Ryerson Expected to name Roy Rana as new Head Coach

Expect Ryerson University to announce shortly that the men's basketball program will be led by new Head Coach Roy Rana, effective immediately. Rana has had tremendous success as a high school mentor in Toronto with Eastern Commerce Saints and also has several seasons working with Canada Basketball, most recently this past summer as he led Canada's Cadet team to a spot in the first ever FIBA U17 World Championship next summer in Germany. Canada qualified by winning the Bronze medal at this summer's FIBA Americas U-16 championships in Argentina.

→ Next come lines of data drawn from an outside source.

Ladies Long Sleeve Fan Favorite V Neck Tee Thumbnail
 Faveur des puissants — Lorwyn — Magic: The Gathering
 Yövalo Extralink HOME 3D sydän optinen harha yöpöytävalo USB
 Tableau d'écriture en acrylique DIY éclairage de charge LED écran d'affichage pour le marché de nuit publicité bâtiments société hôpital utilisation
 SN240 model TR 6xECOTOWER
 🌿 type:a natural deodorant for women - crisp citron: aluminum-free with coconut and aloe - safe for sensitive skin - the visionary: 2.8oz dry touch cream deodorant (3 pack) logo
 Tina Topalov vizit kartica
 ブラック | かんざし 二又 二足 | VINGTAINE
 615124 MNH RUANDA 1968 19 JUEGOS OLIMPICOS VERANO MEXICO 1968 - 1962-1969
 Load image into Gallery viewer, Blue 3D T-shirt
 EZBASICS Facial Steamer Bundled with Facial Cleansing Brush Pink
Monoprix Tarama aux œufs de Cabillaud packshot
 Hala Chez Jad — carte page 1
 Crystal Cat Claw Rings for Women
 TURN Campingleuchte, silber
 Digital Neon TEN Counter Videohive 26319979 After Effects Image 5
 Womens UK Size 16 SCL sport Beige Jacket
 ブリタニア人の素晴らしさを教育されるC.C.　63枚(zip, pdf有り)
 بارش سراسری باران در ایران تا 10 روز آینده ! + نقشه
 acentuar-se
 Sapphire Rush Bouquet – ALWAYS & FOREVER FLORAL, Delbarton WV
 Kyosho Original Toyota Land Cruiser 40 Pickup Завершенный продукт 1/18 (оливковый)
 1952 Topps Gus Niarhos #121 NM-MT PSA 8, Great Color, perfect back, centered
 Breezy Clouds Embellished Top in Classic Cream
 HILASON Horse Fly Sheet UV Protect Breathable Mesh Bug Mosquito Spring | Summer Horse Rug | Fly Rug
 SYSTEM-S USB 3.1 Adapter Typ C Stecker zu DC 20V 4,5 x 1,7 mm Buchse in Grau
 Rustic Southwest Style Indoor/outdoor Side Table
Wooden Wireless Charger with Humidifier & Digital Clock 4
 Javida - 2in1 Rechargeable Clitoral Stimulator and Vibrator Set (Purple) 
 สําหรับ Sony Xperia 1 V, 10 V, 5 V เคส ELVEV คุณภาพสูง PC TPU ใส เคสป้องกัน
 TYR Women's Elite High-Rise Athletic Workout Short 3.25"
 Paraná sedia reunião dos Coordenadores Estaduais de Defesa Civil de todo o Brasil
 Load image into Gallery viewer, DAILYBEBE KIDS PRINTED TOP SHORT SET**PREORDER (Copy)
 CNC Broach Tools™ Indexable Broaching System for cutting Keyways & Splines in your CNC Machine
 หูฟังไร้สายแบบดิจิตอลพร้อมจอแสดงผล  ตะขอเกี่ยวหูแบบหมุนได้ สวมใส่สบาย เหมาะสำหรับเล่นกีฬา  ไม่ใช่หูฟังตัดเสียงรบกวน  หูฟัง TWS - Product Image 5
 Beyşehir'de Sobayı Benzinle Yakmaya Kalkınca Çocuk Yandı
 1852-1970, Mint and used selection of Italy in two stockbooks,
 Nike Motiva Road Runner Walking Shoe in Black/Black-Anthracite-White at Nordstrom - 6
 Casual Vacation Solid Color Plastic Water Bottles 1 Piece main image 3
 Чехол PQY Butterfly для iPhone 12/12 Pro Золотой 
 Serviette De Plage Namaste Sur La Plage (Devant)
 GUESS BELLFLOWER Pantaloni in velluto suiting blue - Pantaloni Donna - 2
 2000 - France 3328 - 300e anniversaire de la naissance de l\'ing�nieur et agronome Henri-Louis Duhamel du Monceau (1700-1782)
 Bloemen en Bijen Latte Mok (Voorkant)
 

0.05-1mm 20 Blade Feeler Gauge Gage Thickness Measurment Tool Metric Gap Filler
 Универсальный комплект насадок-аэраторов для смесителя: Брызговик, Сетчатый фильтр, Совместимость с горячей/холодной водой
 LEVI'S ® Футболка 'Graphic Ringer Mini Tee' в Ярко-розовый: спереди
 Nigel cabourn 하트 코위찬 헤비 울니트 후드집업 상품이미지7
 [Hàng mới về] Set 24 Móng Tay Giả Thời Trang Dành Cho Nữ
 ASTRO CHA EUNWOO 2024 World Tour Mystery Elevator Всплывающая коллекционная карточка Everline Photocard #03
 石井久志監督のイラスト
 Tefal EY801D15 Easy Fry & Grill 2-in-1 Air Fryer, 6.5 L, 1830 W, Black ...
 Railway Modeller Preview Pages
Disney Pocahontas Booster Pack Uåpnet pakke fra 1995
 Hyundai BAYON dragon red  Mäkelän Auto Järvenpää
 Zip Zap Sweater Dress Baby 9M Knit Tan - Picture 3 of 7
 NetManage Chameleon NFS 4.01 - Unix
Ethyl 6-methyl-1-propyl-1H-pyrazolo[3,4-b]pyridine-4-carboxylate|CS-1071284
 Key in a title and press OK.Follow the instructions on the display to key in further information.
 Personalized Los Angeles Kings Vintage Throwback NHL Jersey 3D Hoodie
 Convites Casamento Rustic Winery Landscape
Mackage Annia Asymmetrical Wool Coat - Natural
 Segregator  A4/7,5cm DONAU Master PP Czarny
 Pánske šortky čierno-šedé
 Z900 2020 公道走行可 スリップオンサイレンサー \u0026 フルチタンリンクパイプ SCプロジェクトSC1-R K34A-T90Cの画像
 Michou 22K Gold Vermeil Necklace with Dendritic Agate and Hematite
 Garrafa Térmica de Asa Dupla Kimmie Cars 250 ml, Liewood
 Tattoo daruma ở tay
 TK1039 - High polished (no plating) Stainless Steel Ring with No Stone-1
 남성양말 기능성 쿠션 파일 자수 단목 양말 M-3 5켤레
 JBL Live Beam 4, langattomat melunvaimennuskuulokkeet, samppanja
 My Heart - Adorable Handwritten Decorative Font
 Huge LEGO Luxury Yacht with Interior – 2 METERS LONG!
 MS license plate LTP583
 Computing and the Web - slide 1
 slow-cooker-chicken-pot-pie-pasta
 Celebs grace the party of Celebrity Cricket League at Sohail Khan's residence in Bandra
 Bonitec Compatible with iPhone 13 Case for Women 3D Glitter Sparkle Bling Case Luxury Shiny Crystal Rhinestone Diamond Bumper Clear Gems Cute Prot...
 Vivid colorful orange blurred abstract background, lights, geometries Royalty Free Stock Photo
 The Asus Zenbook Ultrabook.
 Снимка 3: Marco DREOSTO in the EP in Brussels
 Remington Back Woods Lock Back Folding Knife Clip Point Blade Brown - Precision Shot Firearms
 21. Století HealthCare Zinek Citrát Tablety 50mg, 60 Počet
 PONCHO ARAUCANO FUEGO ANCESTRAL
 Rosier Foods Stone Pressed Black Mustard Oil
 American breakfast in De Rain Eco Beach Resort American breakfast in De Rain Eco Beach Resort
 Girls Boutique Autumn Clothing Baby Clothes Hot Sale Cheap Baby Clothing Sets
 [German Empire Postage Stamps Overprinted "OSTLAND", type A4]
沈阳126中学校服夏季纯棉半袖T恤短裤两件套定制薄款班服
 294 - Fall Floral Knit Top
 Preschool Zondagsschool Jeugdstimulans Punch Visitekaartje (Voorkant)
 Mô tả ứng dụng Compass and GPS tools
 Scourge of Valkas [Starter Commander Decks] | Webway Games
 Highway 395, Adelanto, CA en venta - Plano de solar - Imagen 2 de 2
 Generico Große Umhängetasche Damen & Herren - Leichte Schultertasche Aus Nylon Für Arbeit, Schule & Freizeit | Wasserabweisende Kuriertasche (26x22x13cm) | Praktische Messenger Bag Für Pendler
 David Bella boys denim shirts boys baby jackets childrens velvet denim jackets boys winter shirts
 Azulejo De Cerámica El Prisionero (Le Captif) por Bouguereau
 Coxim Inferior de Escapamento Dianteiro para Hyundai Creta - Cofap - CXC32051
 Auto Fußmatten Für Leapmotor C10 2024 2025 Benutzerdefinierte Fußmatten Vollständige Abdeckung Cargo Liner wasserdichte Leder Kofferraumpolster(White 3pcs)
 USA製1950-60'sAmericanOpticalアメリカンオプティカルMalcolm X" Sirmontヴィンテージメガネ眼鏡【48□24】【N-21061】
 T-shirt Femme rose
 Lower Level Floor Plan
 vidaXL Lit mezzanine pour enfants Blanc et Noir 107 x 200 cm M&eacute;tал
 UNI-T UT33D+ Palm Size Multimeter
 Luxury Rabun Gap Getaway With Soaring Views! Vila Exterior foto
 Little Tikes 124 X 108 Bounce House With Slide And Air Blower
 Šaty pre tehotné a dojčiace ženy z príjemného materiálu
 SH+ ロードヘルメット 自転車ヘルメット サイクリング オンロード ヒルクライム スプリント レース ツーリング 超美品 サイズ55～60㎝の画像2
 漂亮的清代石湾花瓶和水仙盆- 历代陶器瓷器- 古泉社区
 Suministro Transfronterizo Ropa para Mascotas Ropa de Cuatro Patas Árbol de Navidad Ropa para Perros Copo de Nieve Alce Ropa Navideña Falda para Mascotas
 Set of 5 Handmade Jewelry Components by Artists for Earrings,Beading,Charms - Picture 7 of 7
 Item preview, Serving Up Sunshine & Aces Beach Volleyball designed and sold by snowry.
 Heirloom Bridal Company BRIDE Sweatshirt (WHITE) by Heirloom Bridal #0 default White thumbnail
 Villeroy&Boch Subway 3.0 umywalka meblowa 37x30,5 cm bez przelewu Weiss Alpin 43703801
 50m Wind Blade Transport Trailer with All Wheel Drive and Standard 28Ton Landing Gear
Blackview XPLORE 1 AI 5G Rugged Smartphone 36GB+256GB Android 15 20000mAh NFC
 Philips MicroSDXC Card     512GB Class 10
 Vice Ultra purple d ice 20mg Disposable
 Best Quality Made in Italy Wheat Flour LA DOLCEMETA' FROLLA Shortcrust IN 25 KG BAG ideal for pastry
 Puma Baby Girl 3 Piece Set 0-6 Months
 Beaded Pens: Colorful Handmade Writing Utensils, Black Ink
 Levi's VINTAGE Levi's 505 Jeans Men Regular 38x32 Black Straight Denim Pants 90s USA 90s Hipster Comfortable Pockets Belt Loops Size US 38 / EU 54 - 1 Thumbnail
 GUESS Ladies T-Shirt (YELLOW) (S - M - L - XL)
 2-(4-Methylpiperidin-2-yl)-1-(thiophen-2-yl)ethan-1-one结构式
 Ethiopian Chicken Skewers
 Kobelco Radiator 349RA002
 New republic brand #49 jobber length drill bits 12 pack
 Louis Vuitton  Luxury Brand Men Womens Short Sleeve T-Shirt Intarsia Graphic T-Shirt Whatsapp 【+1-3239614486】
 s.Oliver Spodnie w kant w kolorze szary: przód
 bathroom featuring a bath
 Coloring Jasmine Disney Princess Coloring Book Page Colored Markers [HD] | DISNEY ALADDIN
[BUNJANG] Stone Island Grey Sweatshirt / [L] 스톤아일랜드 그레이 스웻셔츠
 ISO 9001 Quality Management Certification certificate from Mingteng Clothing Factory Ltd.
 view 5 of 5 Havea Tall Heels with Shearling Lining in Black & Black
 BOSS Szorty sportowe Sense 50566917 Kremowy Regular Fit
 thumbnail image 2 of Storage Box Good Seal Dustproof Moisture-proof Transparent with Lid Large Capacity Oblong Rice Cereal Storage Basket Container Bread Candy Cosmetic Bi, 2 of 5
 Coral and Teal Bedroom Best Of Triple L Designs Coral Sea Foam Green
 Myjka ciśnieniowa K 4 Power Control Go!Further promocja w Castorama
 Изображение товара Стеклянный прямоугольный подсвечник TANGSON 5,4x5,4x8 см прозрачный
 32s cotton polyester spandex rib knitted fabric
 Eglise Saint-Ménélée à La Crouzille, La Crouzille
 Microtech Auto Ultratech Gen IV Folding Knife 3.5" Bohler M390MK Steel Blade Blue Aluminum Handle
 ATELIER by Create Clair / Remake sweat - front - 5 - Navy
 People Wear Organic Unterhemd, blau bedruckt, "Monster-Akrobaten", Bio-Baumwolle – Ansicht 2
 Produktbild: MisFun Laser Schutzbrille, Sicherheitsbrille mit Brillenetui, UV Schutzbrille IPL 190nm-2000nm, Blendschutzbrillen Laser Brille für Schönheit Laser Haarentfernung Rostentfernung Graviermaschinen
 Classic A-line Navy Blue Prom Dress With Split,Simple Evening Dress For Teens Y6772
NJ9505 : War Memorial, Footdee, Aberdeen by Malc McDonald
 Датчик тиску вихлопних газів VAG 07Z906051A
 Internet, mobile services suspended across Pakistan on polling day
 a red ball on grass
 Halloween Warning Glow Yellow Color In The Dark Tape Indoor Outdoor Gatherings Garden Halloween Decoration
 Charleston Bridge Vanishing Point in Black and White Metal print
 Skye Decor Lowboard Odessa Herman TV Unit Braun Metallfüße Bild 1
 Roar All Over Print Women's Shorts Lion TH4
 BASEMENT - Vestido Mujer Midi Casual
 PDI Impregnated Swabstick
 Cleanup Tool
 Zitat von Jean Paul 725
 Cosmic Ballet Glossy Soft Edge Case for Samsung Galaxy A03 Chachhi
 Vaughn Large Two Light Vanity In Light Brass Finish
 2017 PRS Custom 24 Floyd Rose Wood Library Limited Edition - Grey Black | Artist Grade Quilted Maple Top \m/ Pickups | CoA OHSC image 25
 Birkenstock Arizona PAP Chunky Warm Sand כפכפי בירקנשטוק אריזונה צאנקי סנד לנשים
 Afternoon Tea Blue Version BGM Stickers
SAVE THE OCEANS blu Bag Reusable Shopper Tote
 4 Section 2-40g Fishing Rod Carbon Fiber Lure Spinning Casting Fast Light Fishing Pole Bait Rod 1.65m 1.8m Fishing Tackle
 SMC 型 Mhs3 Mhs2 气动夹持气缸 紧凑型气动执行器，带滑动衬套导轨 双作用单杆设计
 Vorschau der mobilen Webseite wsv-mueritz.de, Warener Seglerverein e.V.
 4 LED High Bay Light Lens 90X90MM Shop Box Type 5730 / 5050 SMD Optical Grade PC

Eastern Commerce under Rana has had numerous graduates who have gone on to play NCAA and CIS basketball and he is well known in GTA basketball circles. This represents a very important step forward for the Ryerson program, bringing in a young coach with plenty of ties to the community and a growing coaching resume. Rana's signing shows the commitment Ryerson University has made to athletics and the basketball program. Plans apparently are in the making for a modern, new gymnasium with seating of 2,000+ for basketball situated near the Rye campus in downtown Toronto and Rana's signing is the first of many planned milestones for a program now brimming with optimism.

Rana coached the Saints from 2000 to 2007, winning 4 OFSAA championships including 3 consecutive between 2003 to 2005. He also coached the Basketball Ontario's Elite Development Program and coached Team Ontario to gold medals at the Canadian National Championships in 2004 and Canada Games in 2005. Finishing off a busy coaching summer of 2009, Rana also coached Canada's U19 team at the recent NIKE Global Challenge, advancing to the championship game against USA East where the Canadians dropped a tough one point game. But the recruiting and planning portion of his summer is just beginning as he embarks on maybe his most challenging position yet, competing in the OUA East.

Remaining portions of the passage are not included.